We Are What We Believe
We’ve all heard the phrase, “you are what you eat”. Of course in so many ways this is true. What we eat becomes us. I’ve also heard it said that “we are what we don’t excrete”. This is also true, for physical nourishment as well as anything we ingest, even ideas. It is only what we absorb, take into ourselves, and hold on to, that becomes who we are. But the latest landing place for me in this conversation is that “we are what we believe”. In fact this is the topic of an upcoming radio talk show Sarah and I will be doing this week with nutritionist Tammra Green.
Our thoughts and beliefs are so powerful really. I see it all the time with clients and friends. See if you relate to these examples…
You believe food is the only area of your life you can say “yes” to yourself, feeling like your life is too full of “no’s” and “have to’s”, thinking to yourself you have no say in what you want. Yet, when you eat with this attitude you end up feeling like you have even less of a say in having what you want than before you ate that extra portion!
You eat the birthday cake because you think if you don’t you’re being a bad friend!

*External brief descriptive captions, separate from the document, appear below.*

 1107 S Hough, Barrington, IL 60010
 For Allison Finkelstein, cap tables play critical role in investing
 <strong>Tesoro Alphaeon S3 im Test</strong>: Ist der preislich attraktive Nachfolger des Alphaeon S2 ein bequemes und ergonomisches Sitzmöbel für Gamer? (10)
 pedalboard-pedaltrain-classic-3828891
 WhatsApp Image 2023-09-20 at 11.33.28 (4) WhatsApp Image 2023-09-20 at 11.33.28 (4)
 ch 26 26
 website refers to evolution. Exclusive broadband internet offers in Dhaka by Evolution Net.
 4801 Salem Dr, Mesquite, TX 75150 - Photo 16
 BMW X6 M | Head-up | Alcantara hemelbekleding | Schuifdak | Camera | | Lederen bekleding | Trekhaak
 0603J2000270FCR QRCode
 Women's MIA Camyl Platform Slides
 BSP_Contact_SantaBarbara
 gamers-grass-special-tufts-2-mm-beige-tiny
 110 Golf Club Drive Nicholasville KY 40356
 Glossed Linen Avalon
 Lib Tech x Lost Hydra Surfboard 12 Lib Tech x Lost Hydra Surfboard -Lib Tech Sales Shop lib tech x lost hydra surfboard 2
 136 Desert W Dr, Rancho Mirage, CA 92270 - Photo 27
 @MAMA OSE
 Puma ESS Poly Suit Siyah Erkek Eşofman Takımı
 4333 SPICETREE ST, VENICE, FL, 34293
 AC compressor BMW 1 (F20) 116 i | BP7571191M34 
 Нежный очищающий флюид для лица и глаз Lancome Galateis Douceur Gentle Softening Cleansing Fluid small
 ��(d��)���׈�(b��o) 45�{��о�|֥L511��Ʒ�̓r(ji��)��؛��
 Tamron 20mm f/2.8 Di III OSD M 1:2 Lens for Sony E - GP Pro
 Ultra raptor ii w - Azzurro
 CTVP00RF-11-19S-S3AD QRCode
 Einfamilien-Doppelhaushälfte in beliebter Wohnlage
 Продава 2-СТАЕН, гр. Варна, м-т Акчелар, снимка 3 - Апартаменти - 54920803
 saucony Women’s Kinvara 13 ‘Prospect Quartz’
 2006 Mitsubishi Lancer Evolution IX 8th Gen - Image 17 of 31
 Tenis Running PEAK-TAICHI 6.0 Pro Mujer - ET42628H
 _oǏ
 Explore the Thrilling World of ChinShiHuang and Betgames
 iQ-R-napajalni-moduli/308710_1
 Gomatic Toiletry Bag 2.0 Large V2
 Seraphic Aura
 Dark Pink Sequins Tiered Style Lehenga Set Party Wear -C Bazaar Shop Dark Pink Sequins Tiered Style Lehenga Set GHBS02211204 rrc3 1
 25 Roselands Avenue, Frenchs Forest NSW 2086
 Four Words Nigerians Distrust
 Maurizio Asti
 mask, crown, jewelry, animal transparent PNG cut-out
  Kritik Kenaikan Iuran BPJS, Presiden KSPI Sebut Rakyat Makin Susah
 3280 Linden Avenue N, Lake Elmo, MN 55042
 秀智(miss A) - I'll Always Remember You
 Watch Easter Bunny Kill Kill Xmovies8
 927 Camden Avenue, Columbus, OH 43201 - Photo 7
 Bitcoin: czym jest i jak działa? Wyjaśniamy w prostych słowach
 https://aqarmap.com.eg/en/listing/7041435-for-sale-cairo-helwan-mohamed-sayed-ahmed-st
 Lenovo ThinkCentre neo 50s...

In that moment you may end up being the worst friend to yourself when that cake leaves you feeling bloated and crashed on sugar!
You fear failing another weight-loss attempt believing you just know you won’t succeed, so you give up on it entirely only to produce certain failure to realize your desire.
You believe it is not okay or safe or possible to be a sexy, sensual woman and proceed to hide yourself in a body and wardrobe that strips you of any sense of feminity, sexiness, and sensuality.
You believe that the way you eat is shameful. You sneak and hide, believing you are unlovable, and in the hiding and shutting others out you are robbed of letting in the love you most desire. You withhold self-love, compassion and forgiveness creating the very relationship with yourself you’d hoped to escape.
So many people believe they can’t have what they really want. They settle for whatever’s on the “menu” instead of finding another “restaurant”, and sure enough they are unsatisfied; it is in fact not what they wanted.
Do you recognize yourself in any of these examples?
This is the self-fulfilling prophecy. We cling to our thoughts, unaware of how much they run the show, creating the exact reality we wish to avoid. We get to be right though, no matter how painful, uncomfortable, unsatisfying, disappointing or disempowering it may feel. What a price to pay to be right!
I believe there is a huge amount of power in starting to hear our thoughts; to listen to what we tell ourselves and how we limit what is possible. I invite you to begin challenging your own old and tired small-mindedness. It all starts with beginning to hear what you’re thinking. What does your mind tell you about food, about yourself? Isn’t it time to expose and challenge this old thinking and find bigger beliefs, ones that support you to achieve your goals and manifest your vision to live in a body you love? Einstein said it best, “we can’t solve problems with the same kind of thinking we used when we created them.” Maybe if we watch what we think and believe as much as what we eat, we’d be onto something!